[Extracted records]
- Opening Delimiter -

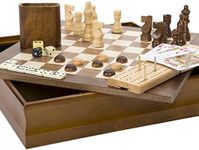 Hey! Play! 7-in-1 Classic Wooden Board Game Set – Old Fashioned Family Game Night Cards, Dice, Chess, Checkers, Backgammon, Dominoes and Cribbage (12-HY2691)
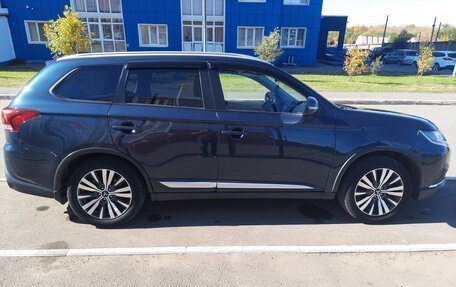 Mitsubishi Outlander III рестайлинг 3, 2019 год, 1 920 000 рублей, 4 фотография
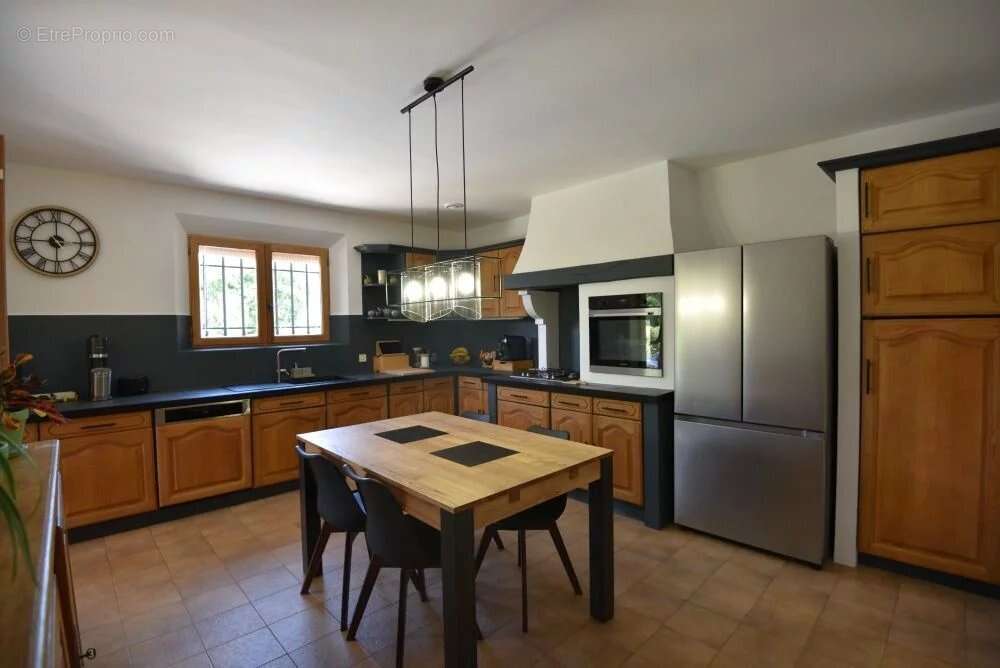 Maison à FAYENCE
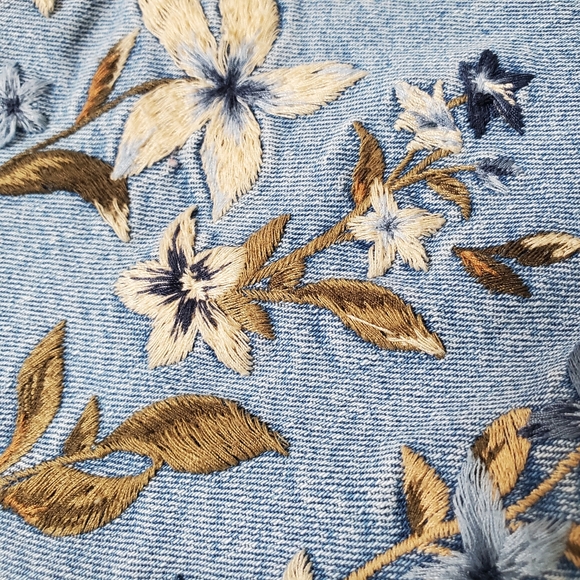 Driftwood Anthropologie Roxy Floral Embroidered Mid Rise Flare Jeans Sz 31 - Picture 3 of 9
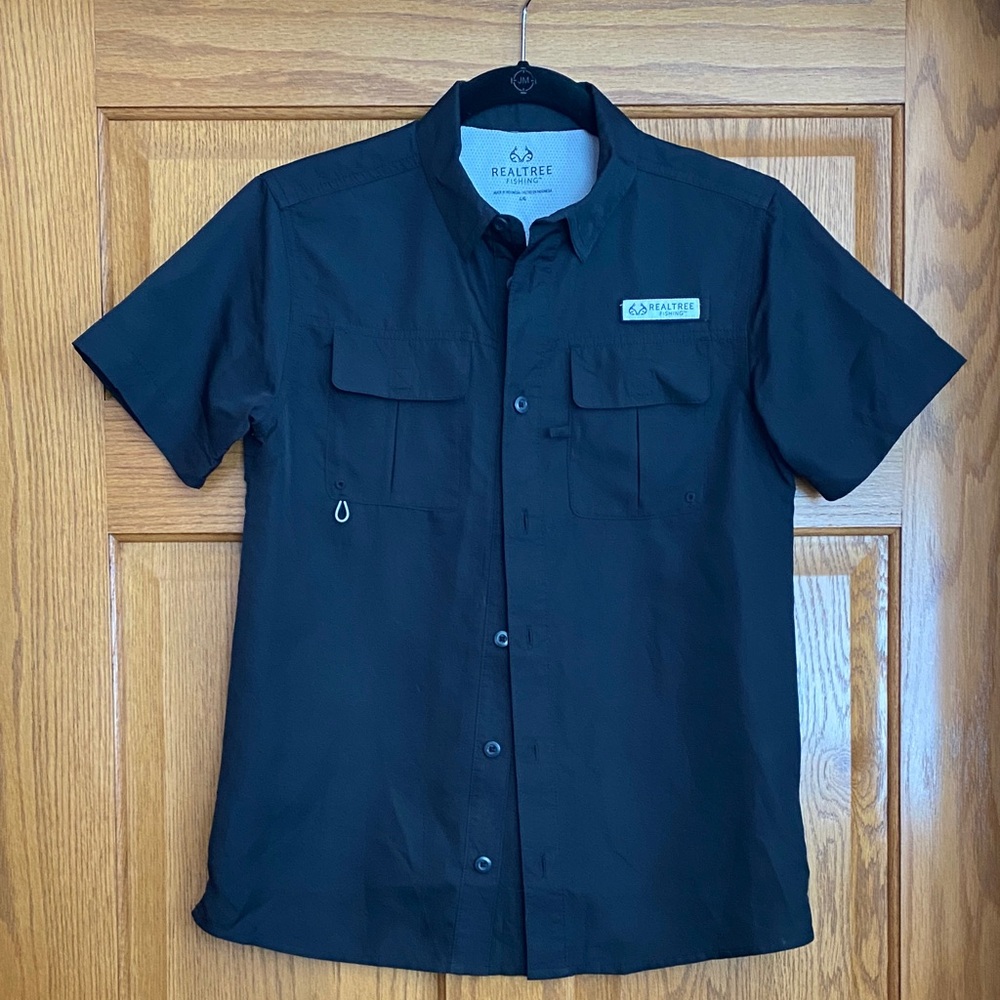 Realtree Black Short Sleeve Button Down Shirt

- Closing Delimiter -

Copy every record exactly, leaving the pictures out.

 Hey! Play! 7-in-1 Classic Wooden Board Game Set – Old Fashioned Family Game Night Cards, Dice, Chess, Checkers, Backgammon, Dominoes and Cribbage (12-HY2691)
 Mitsubishi Outlander III рестайлинг 3, 2019 год, 1 920 000 рублей, 4 фотография
 Maison à FAYENCE
 Driftwood Anthropologie Roxy Floral Embroidered Mid Rise Flare Jeans Sz 31 - Picture 3 of 9
 Realtree Black Short Sleeve Button Down Shirt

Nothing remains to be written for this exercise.